I press my hand to it, it opens, and inside… the veil, or what’s left of it. A room with no ceiling. No sky, just smoke above and stone below, carved with lines that bl eed silver light. The veil itself is visible now, a living shimmer of air, rippling and unstable like heat waves off a dying sun.
One more step, each pace echoing like a countdown, and the space between worlds thins to a thread. The mark on my palm flares, blinding white as it burns hotter.

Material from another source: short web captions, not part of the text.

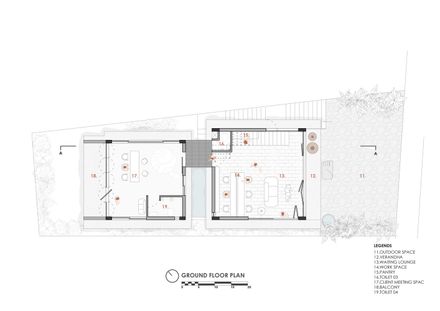 3dor Office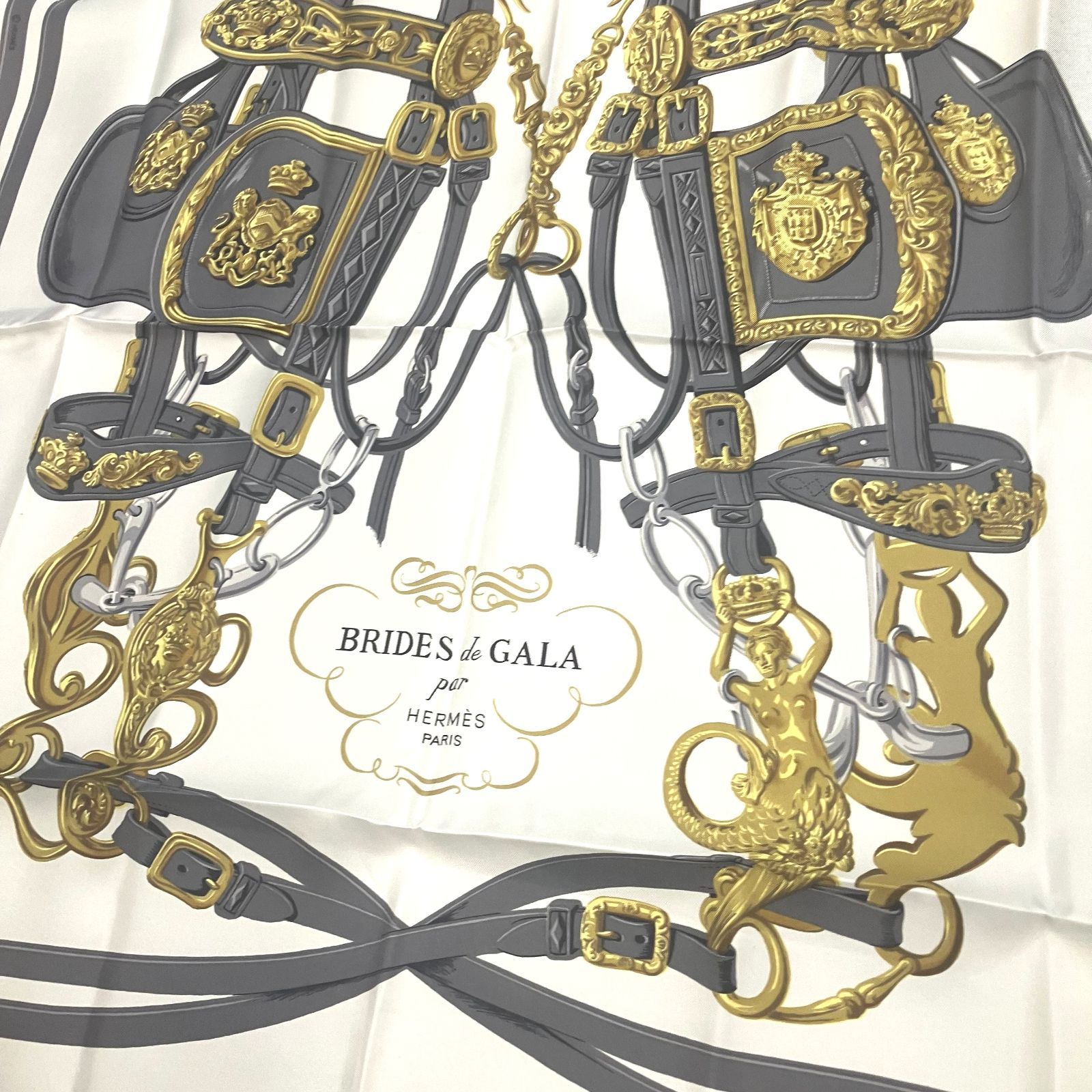 ももクロ DVD & Blu-ray セット ももクロChan Blu-ray DVD 1-31巻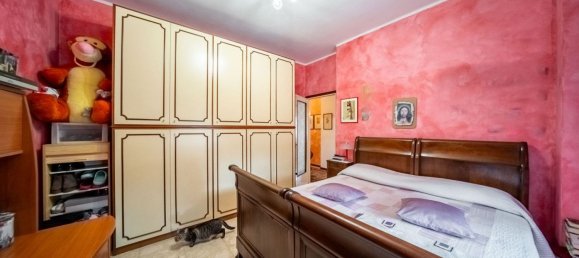 4غرفة شقة في Parma, Italy رقم 225841 15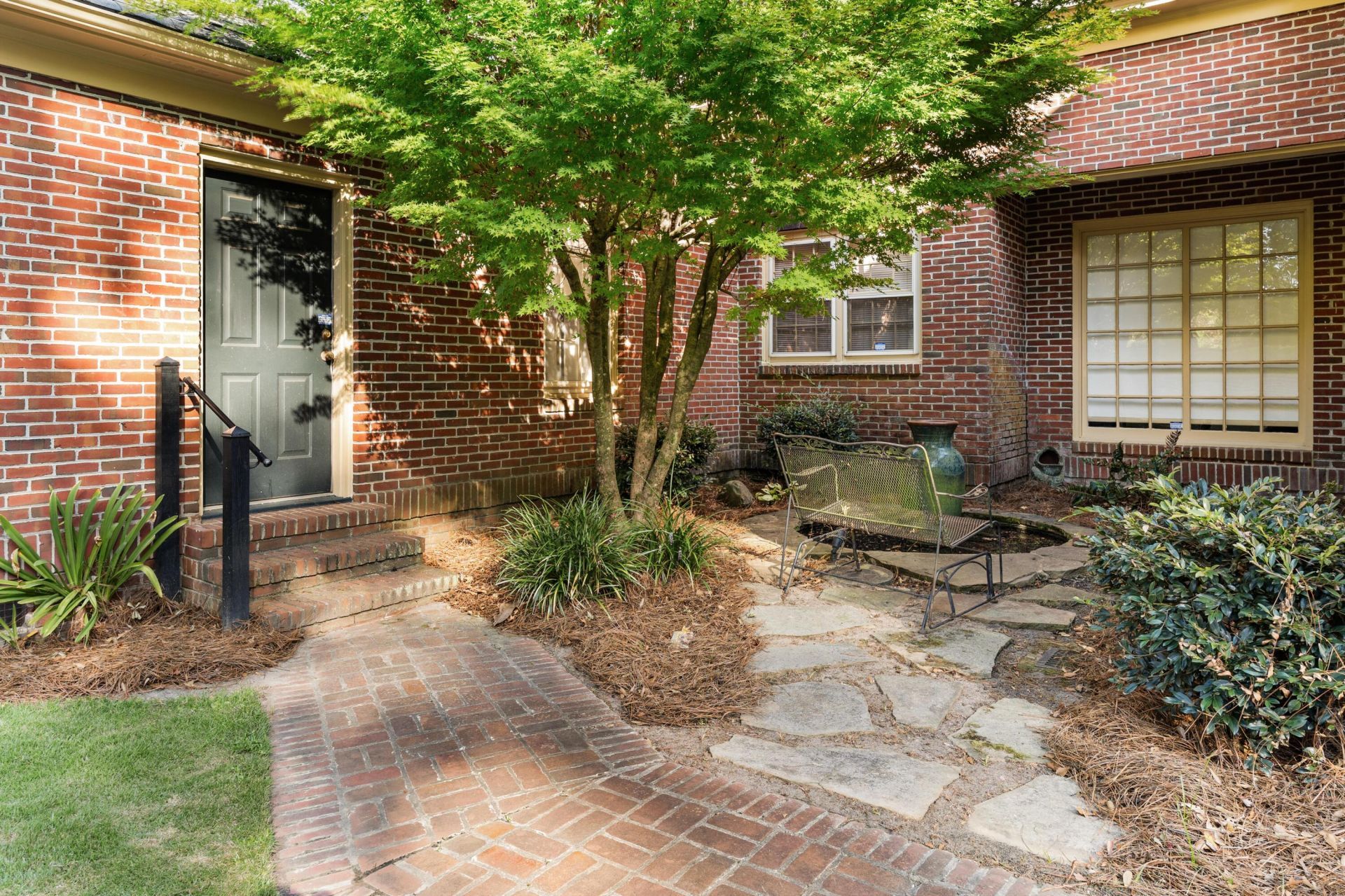 270 Mason Drive Photo 54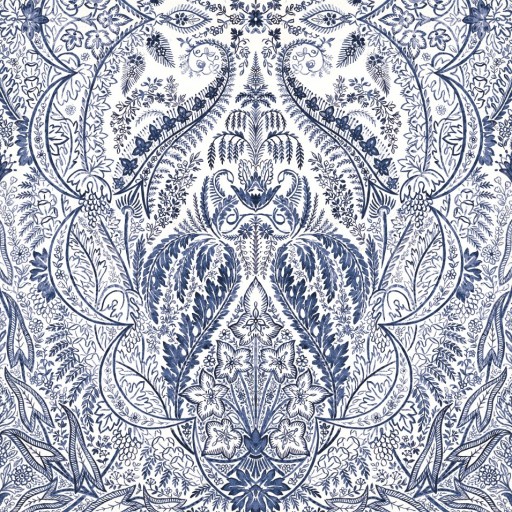 Фотообои York DM4912M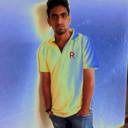 Ratheesh Bld (@007Ratheesh) Twitter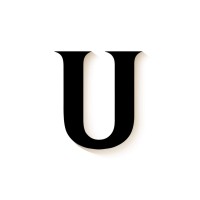 UNIVERSE logo - Similar company to Cachaça Jamel
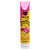 Sabonete Feminino Babaloob 150ml Banho De Gata - Imagem 2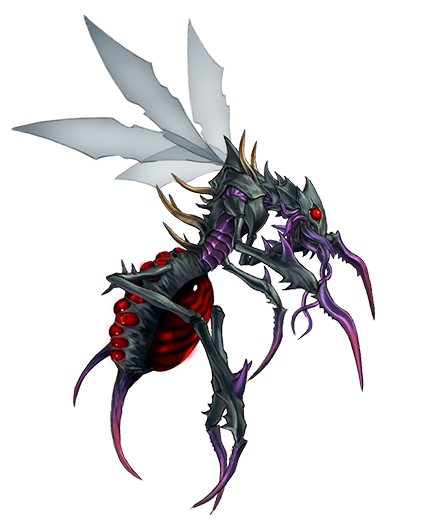 チスタロカ【禍々しい虫型モンスター】 em001_side.png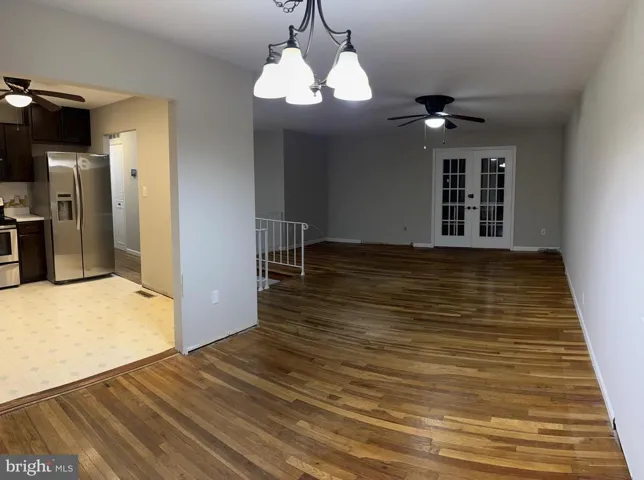 1106 S Sterling Blvd, Sterling, Virginia 20164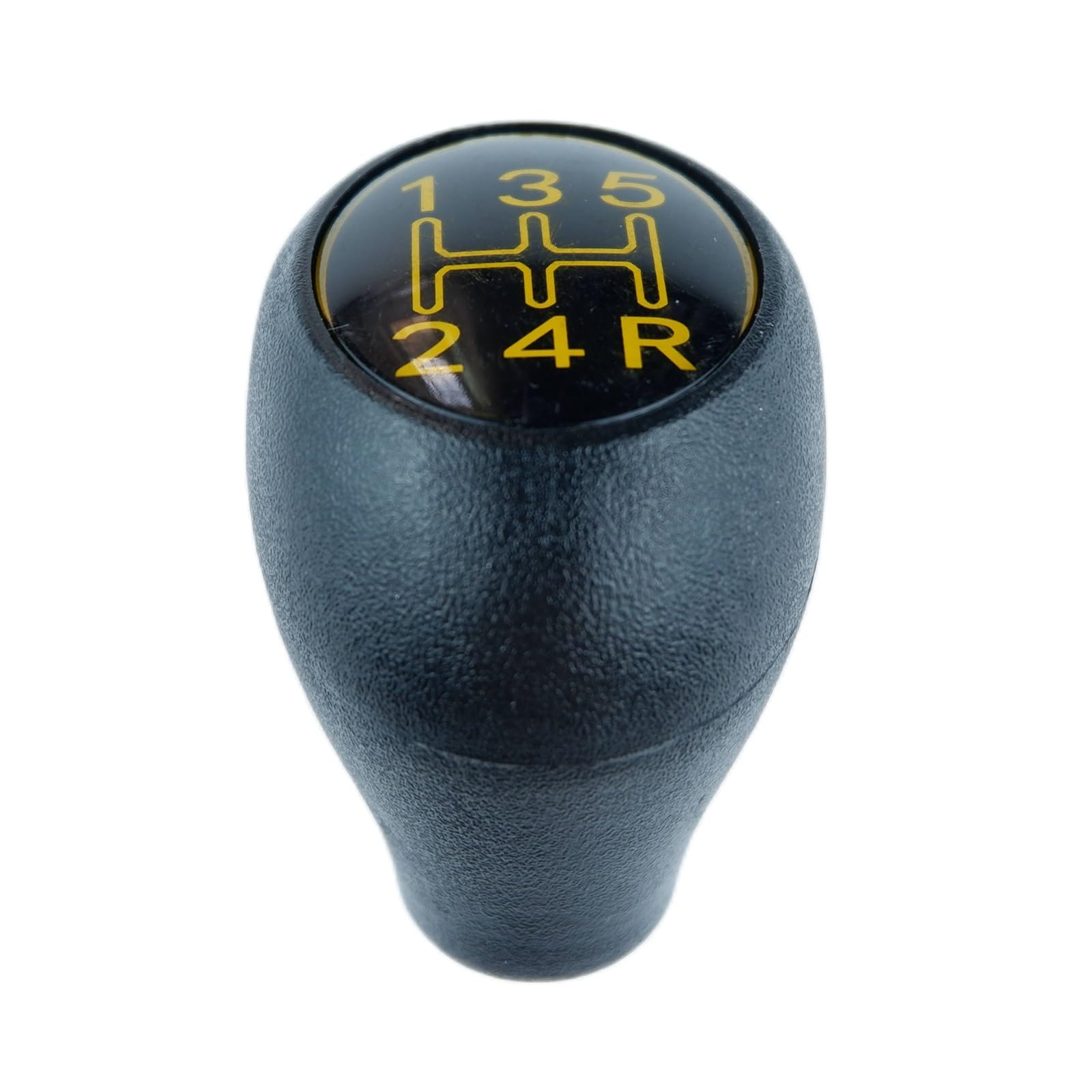 LVGVZTTGKM Gear Shifter Knob for Peugeot 504 505 205 309 Stylish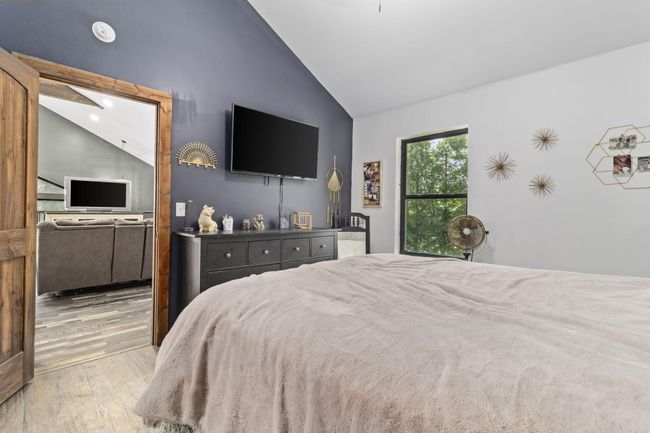 989 Kay Conley Rd, House other with 4 bedrooms, 4 bathrooms and null parking in Rock Spring GA | Image 58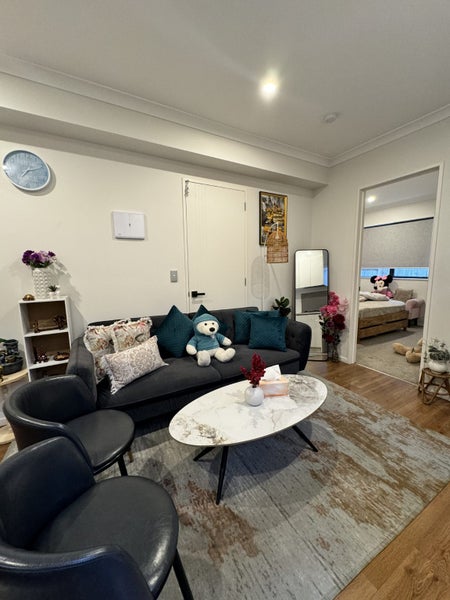 Flat Bush, 2 bedrooms64513995921923111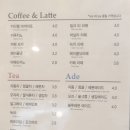 빵굽는이야기 이미지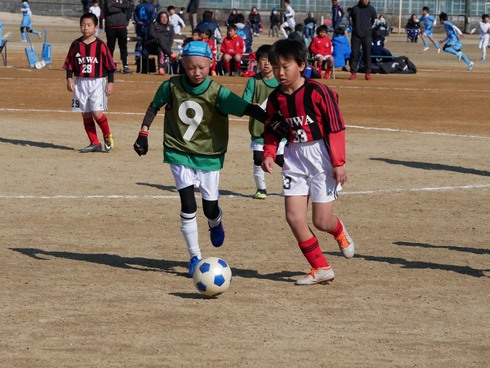 img_20200211-130944.jpg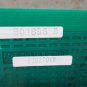 AGIE AGIECUT 120 EDM CIRCUIT BOARD 801895 B NR. 612 742.7 EJG2704B CNC EACH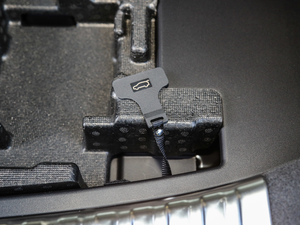 2018DM 2.0T (q)(lin)(chung) 7 V g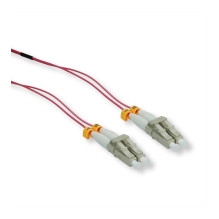ROLINE 21159266 InfiniBand / šviesolaidinis kabelis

The veil parts, like thought, and the darkness beyond smiles back, pulsing with every breath that I take.
I raise the knife, I don’t know what the ritual is. I don’t know how this ends. Something in me—old, aching, certain—tells me this is the way. This is how I hold it back. Or let it in.
My foot crosses the first sigil on the ground, and I freeze. A presence behind me. Just a shift in the air. A vacuum pulling tight. I turn…Vale.
He stands in the smoke, not far, not close. His eyes are shadows. His expression unreadable. “Vale,” I say, breathless. “It’s okay. I know what I’m doing.”
He says nothing. I step toward the veil. “Lux,” he murmurs. His voice is soft. Too soft, like a lullaby made of endings. “Don’t. ”
I look over my shoulder. “You said it yourself. I’m the gate. This is where it ends.”
He takes one step. Then another, still silent. His eyes never leave mine. The air thins, the world narrows, and I swear I can hear it. Something ancient, something wrong, whispering beneath his breath. I don’t move. Not until he’s within reach.
He touches my arm, and I freeze. He looks at me with that same stillness he always wears, like the moment doesn’t belong to him, only passes through him.
His other hand rises. Fingers ghost across my cheek.
It isn’t possessive, and it isn’t cruel, just tender, reverent, almost like worship. Like he’s saying goodbye.
“Vale?”
His lips brush my forehead. I don’t see it coming.
There is no pain, just a silence so total it deafens.
The world vanishes without a scream, but a sigh.
Colors drain, and the air folds in on itself.
Even time has stopped to watch. My body stays standing, but something slips loose, like a thread pulled from the center of me.
He leans back, eyes still soft, “Forgive me, little wraith… I’d ra ther kill you myself than let the veil have you,” he murmurs, voice echoing inside the void.
My heart…I can’t feel it. My knees give out. I collapsed into him, and behind me, somewhere distant and broken, I hear a scream, Riven. “NO…”
It’s too late, everything is already still. The veil glows, the knife falls from my fingers. The last thing I feel is Vale’s arms catching me, holding me like something precious and lost. And then…nothing.
There was no light or dark. Just the echo of Riven's voice, distant and broken, calling my name like it still belongs to me. A sound that stretches across whatever lies beyond the veil. And maybe, just maybe, it’s enough to pull me back.
But if it isn’t, then let this be the way I go. In his arms, as the world burns behind us.